One of the best websites for financial ratios and information to stocks is google invest.

With the use of the search box on the top end of google invest, stock information can be found very quick. Just type in the name of the company and click on the left side “Financials”.

Look for the last years Key ratios for “Diluted normalized EPS“. In the example of Apple this ratio should be 9,22. Now insert this number into the Fair Value Calculator. The second number you need to calculate the intrinsic value of the stock is the revenue growth. Under “Total Revenue” you can find the last years revenues.

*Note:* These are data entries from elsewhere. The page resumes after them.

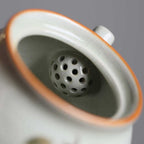 Artisan Crafted Ceramic Teapot with Crackle Finish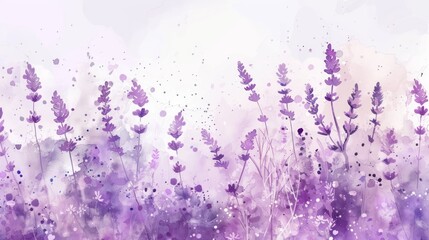 Beautiful lavender flowers watercolor splashes background and invitation wedding card. AI generated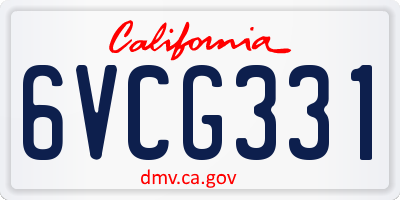 CA license plate 6VCG331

Try to identify the revenue growth in percentage. In the case of Apple the Revenue growth from 2014 to 2015 is round about 25%.

### Step 2: Paste the Key data into the Fair Value Calculator

Now paste the two financial ratios into the Fair Value Calculator. Under “EPS” you should paste the “Diluted normalized EPS”. For the factor “Growth” you should use the calculated revenue growth. In the case of Apple the EPS for the year 2015 is 9.22 and revenue growth is 25%.

Value of EPS & Growth should be 0.1 at least, comma must be expressed as “.”

Now klick the button “Go!” to calculate. Finished your “Fair value” is now expressed.

## Hints for the use of the Fair Value Calculator:

### Hint 1: Use the average of Key datas

If you use the average of the last years a better result can be calculated for the fair value. Try to calculate an average number for “EPS” and “Growth”.

### Hint 2: Diversification

Never put all your money in one stock. You should invest at least in four different stocks in different branches and markets.

### Hint 3: Keep 50% margin

Invest in stocks that show an at least a 50% higher intrinsic value than the current stock price.

### Hint 4: Small Caps and Mid Caps

Try also to invest in Small & Mid Caps. Small Caps are not so frequently observed and analyzed by Analysts. The probability to find a big margin could be higher in Small Caps. In this case the Debt to Equity Ratio should be lower than 50%. So the total liabilities of the company should be the half of the total shareholder value. With the Fair Value Calculator even Small Caps can be analyzed quick and easy.

### Hint 5: Rebalancing

Try to rebalance your portfolio every once in a while.

Note: The use of the fair value calculator is no guarantee for winning in the stock market. Stock markets can be risky and lead to loss of money. The Fair Value Calculator should only be used complementary to your investment strategy.